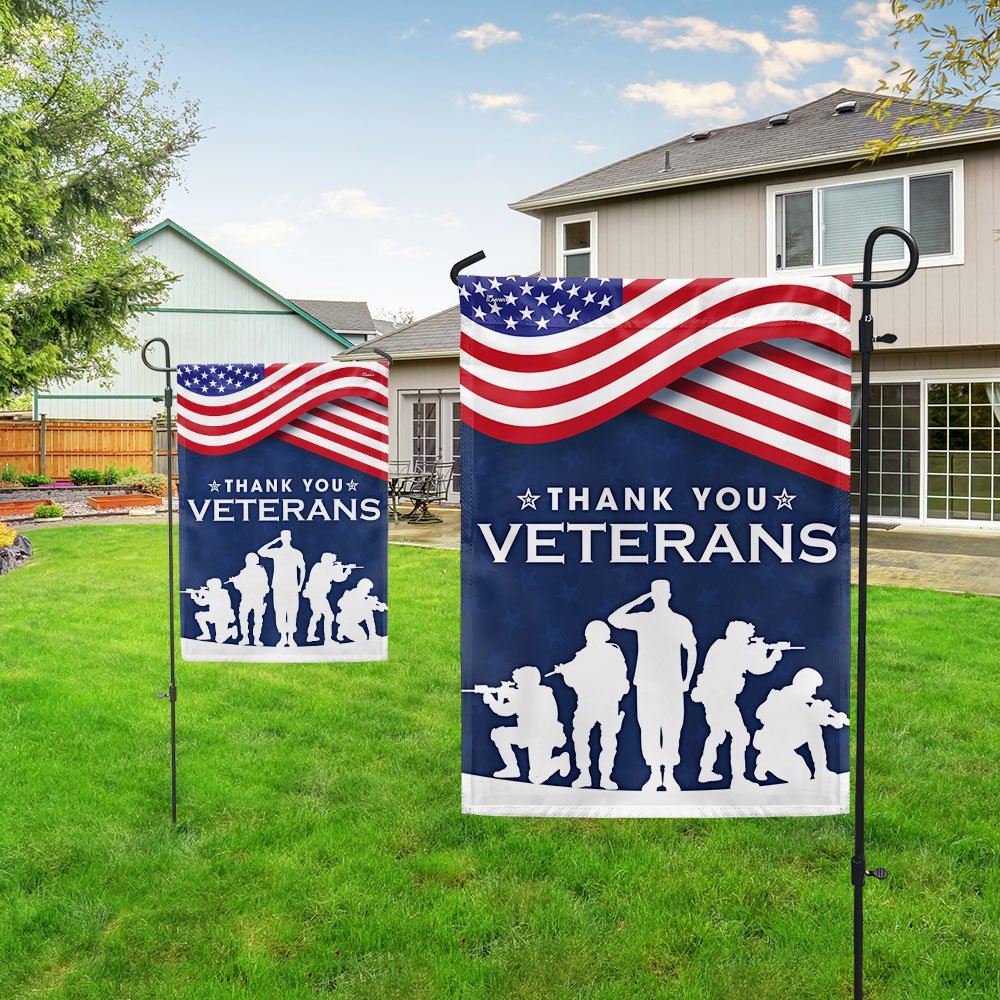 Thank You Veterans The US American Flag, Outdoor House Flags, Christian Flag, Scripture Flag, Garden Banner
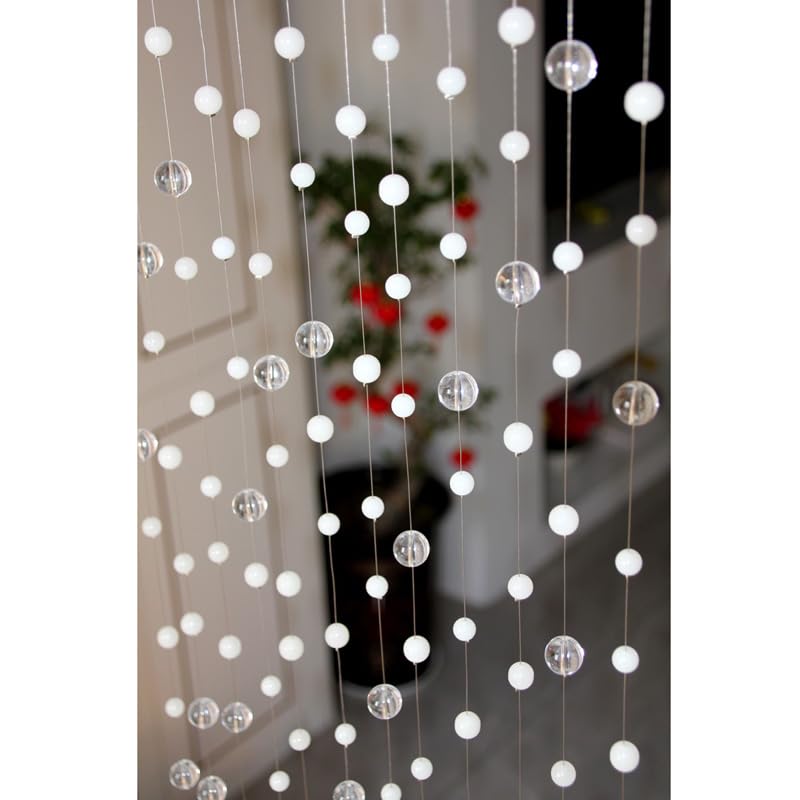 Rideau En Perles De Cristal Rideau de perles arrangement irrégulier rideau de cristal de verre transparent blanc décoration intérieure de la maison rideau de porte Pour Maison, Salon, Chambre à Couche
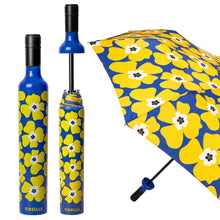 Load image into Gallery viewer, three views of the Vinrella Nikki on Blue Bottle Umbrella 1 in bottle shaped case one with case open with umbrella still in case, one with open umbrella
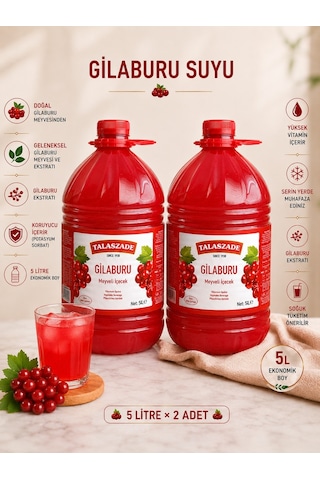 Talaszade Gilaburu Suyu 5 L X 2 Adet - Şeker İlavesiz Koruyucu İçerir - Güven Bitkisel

______________________________

Restate the listing word for word, pictures omitted.

 Thank You Veterans The US American Flag, Outdoor House Flags, Christian Flag, Scripture Flag, Garden Banner
 Rideau En Perles De Cristal Rideau de perles arrangement irrégulier rideau de cristal de verre transparent blanc décoration intérieure de la maison rideau de porte Pour Maison, Salon, Chambre à Couche
 Load image into Gallery viewer, three views of the Vinrella Nikki on Blue Bottle Umbrella 1 in bottle shaped case one with case open with umbrella still in case, one with open umbrella
 Talaszade Gilaburu Suyu 5 L X 2 Adet - Şeker İlavesiz Koruyucu İçerir - Güven Bitkisel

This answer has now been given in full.